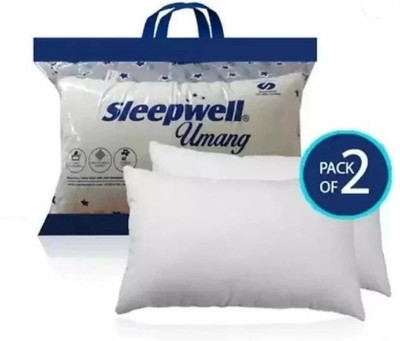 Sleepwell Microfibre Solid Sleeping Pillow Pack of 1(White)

--

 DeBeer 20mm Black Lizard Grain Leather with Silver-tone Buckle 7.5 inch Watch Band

---

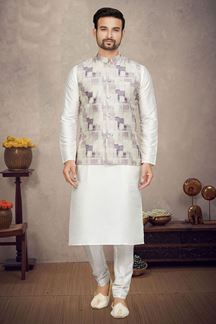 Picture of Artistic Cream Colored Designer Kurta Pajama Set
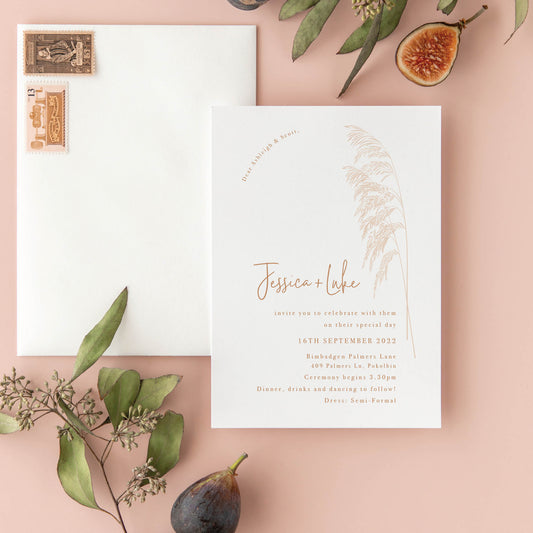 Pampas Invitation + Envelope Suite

* EXERCISE DETAILS
From the records above, transcribe exactly the lines starting at the one containing "Picture of Artistic" and ending at the one containing "Pampas Invitation + Envelope Suite". Skip the pictures.

* TASK OUTPUT
 Picture of Artistic Cream Colored Designer Kurta Pajama Set
 Pampas Invitation + Envelope Suite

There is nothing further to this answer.